It was shown in Chapter 3 that there are three cases in which the eigenfunctions of a second-order ordinary differential operator that is symmetric with respect to a weight are polynomials. The polynomials in the three cases are the classical orthogonal polynomials: Hermite polynomials, Laguerre polynomials, and Jacobi polynomials.
Each of these sets of polynomials is an example of a family of polynomials that are orthogonal with respect to an inner product that is induced by a positive weight function on an interval of the real line. The basic theory of general orthogonal polynomials is covered in the first section: expressions as determinants, three-term recurrence relations, properties of the zeros, and so on. It is shown that under a certain condition on the weight, which is satisfied in each of the three classical cases, each element of the L2 space can be expanded in a series using the orthogonal polynomials, analogous to the Fourier series expansion.
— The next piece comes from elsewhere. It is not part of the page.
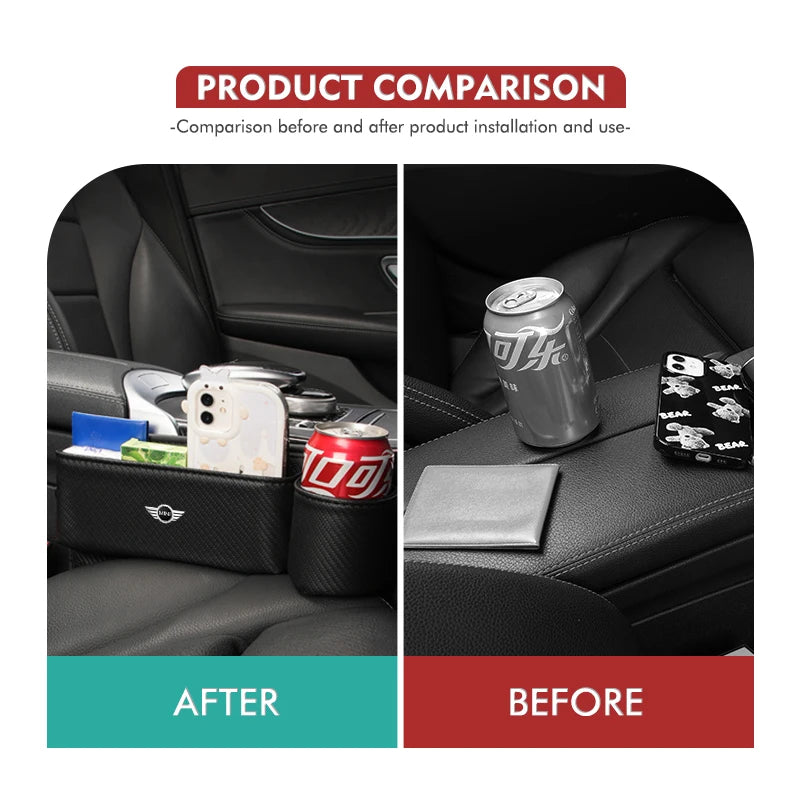 Car Cup Holder Organizer Crevice Gap Filler Stuff Storage Box For MINI Cooper One JCW R56 Countryman Clubman R50 R53 R58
We then examine some features common to the three classical cases, including Rodrigues formulas and representations as integrals. In succeeding sections each of the three classical cases is considered in more detail, as well as some special cases of Jacobi polynomials (Legendre and Chebyshev polynomials). The question of pointwise convergence of the expansion in orthogonal polynomials is addressed.
Finally we return to integral representations and the construction of a second solution of each of the differential equations.